=== Assignment ===
Everything before the line containing "THE LEX on Central" stays out; print that line and all lines below it through the last, exactly.

——

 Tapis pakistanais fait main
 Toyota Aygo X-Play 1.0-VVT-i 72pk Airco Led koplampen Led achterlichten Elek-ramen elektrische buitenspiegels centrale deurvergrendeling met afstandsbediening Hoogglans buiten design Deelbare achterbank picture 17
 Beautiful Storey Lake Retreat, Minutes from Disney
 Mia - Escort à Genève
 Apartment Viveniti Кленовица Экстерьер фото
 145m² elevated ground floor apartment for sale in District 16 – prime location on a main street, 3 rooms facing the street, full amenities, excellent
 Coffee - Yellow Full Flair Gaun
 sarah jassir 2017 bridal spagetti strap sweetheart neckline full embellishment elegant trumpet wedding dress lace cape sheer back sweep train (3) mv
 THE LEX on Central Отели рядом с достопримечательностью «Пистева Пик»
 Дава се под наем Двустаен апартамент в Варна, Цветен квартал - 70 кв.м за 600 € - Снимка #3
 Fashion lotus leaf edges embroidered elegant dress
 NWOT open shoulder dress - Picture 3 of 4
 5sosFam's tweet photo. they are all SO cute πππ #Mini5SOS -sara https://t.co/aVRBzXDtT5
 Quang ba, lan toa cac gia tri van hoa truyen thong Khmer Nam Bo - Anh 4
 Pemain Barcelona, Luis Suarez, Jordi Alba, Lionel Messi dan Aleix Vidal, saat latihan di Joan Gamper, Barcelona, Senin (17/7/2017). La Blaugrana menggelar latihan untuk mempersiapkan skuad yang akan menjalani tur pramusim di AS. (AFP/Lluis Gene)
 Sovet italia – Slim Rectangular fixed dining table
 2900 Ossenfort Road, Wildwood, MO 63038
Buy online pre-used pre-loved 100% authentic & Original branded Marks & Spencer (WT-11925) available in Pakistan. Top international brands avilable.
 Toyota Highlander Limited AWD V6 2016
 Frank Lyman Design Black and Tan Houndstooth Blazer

——

=== Response to this exercise ===
 THE LEX on Central Отели рядом с достопримечательностью «Пистева Пик»
 Дава се под наем Двустаен апартамент в Варна, Цветен квартал - 70 кв.м за 600 € - Снимка #3
 Fashion lotus leaf edges embroidered elegant dress
 NWOT open shoulder dress - Picture 3 of 4
 5sosFam's tweet photo. they are all SO cute πππ #Mini5SOS -sara https://t.co/aVRBzXDtT5
 Quang ba, lan toa cac gia tri van hoa truyen thong Khmer Nam Bo - Anh 4
 Pemain Barcelona, Luis Suarez, Jordi Alba, Lionel Messi dan Aleix Vidal, saat latihan di Joan Gamper, Barcelona, Senin (17/7/2017). La Blaugrana menggelar latihan untuk mempersiapkan skuad yang akan menjalani tur pramusim di AS. (AFP/Lluis Gene)
 Sovet italia – Slim Rectangular fixed dining table
 2900 Ossenfort Road, Wildwood, MO 63038
Buy online pre-used pre-loved 100% authentic & Original branded Marks & Spencer (WT-11925) available in Pakistan. Top international brands avilable.
 Toyota Highlander Limited AWD V6 2016
 Frank Lyman Design Black and Tan Houndstooth Blazer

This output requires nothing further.